Uploaded image for project: 'Ignite'
  1. Ignite
  2. IGNITE-16843

Timeout while thin client connection

    XMLWordPrintableJSON

Details

    • Bug
    • Status: Open
    • Minor
    • Resolution: Unresolved
    • None
    • None
    • None
    • Docs Required, Release Notes Required

    Description

      In usecases with several active thin clients producing noticable load to cluster new thin clients can fail to connect with the "ClientConnectionException: Channel is closed" error in the TcpClientChannel::handshake() method.

      On server side warning "Unable to perform handshake within timeout [timeout=10000" is logged.

      The problem can be easily reproduced by several large putAlls invoked in parallel from several or single thin client.  Espesially for the TRANSACTIONAL caches.  But ATOMIC caches are also affected - the only difference is that for ATOMIC caches more parallelizm factor and larger batches for putAlls are needed.
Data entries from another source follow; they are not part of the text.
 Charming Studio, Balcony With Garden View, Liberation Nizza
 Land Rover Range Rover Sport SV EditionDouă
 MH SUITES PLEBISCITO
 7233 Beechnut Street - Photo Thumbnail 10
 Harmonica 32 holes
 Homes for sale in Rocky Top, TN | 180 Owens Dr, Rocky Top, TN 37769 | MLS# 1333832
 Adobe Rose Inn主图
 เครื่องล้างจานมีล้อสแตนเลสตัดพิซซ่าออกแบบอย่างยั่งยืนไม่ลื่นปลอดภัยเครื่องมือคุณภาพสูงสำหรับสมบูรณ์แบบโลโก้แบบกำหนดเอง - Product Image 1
      The reason of the problem is a fact that a single queue is used in the ignite node to serve all thin client related requests (queue in the GridThinClientExecutor). Both working requests like putAll and control ones like handshake which are used for connection establishment. 
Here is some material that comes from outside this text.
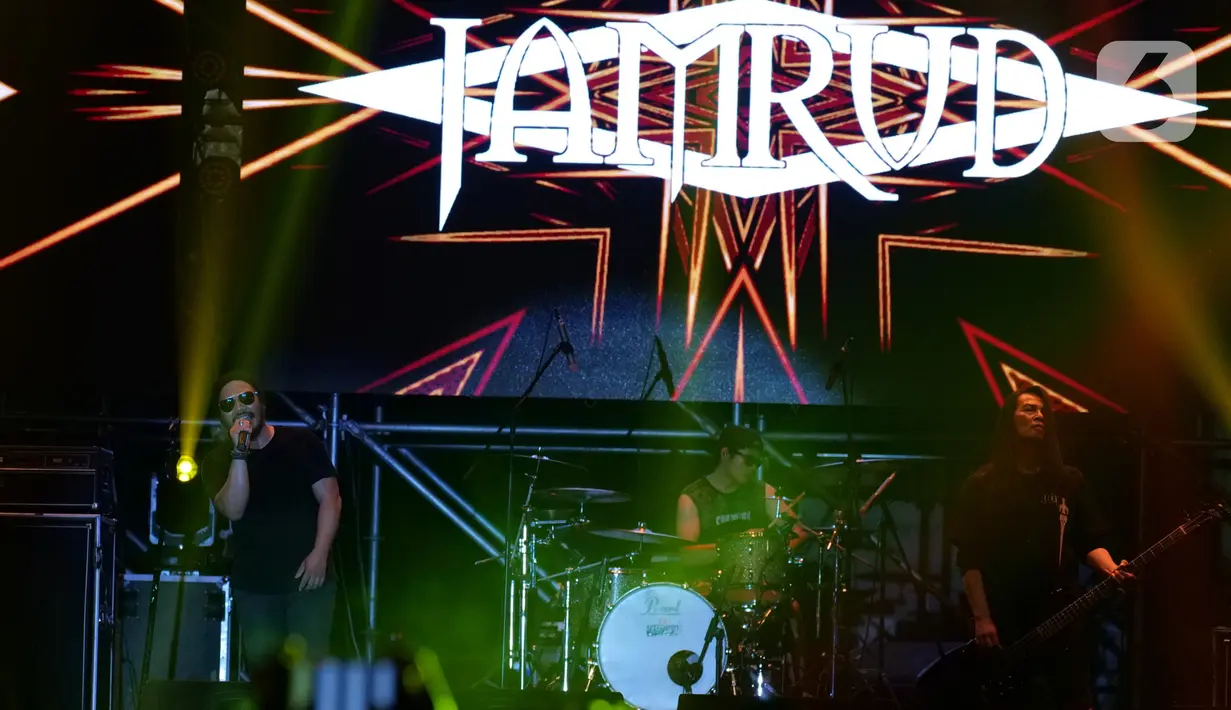 Grup band rock Jamrud beraksi dalam konser musik The 90's Festival di Jakarta, Sabtu (23/11/2019). Ada delapan lagu yang dibawakan Jamrud 90’s Festival Day 1, diantaranya Surti Tejo, Pelangi di Matamu, Selamat Ulang Tahun, dan ditutup dengan lagu Putri. (Liputan6.com/Herman Zakharia)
      Working requests can live indefenitely in a queue (or at least longer then handshake).  On the other hand a special watchdog timer is scheduled in the ignite node to check if a handshake request is processed in a timely manner (ClientListenerNioListener::scheduleHandshakeTimeout).  By default the 10 seconds timeout is used (ClientConnectorConfiguration::handshakeTimeout). If timeout expires the client session is closed forcibly.

      So, if one or several thin clients fill queue with long operations new clients can not connect. 


      The real usecase reveals the problem is as follows.

      • 4 nodes cluster, 64 cpu, 32Gb heap, 512Gb off-heap  each
      • One TRANSACTIONAL cache with backups=1
      • About 30Gb of data on each node
      • Several (upto 75 at the same time) thin clients loading data using putAlls in 50000 records batches. Client connects, loads 3 batches and disconnects (spark jobs in fact). In other words clients connect and disconnect constantly.
      • Default handshakeTimeout (10 secs) and threadPoolSize(8) in ClientConnectorConfiguration

      Two ducktests were created to reproduce and isolate  the problem (see the ignitetest/tests/thin_client_concurrency in the attached pull request).

      Note that asserts in testcases done in a way that test PASS means that problem IS reproduced.  Tests check that at least one thin client fails with the "Channel is closed" error and that server node log contains warning about the handshake timeout.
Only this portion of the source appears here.